> [Required work] Copy each line below that contains "Size".

> [Entries provided]
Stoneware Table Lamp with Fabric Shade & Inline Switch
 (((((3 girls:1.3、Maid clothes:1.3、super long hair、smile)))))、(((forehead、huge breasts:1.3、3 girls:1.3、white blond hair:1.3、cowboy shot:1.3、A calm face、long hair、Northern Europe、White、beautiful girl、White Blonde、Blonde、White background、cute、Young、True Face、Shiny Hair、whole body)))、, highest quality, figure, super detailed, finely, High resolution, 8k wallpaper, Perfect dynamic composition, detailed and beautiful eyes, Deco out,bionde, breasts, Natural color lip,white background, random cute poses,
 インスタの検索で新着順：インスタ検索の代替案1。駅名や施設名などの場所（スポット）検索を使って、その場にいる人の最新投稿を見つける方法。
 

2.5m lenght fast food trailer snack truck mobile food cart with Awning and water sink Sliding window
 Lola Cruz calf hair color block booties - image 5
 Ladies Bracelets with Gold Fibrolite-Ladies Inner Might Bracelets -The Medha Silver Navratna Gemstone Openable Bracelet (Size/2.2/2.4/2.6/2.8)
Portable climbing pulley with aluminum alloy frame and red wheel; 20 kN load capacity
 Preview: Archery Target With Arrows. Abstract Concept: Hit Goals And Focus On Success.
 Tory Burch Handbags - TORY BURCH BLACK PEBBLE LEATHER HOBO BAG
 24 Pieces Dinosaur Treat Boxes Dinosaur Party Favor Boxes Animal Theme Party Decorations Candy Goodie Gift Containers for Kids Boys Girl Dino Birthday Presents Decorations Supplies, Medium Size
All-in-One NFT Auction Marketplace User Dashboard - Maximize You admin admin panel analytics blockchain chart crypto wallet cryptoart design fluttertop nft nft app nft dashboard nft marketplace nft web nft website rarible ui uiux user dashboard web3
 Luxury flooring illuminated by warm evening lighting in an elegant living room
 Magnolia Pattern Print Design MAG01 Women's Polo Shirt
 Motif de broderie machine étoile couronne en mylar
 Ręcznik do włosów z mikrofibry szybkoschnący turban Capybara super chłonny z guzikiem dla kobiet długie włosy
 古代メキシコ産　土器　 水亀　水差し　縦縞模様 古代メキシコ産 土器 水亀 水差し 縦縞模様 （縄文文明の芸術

> [Answer section]
 Ladies Bracelets with Gold Fibrolite-Ladies Inner Might Bracelets -The Medha Silver Navratna Gemstone Openable Bracelet (Size/2.2/2.4/2.6/2.8)
 24 Pieces Dinosaur Treat Boxes Dinosaur Party Favor Boxes Animal Theme Party Decorations Candy Goodie Gift Containers for Kids Boys Girl Dino Birthday Presents Decorations Supplies, Medium Size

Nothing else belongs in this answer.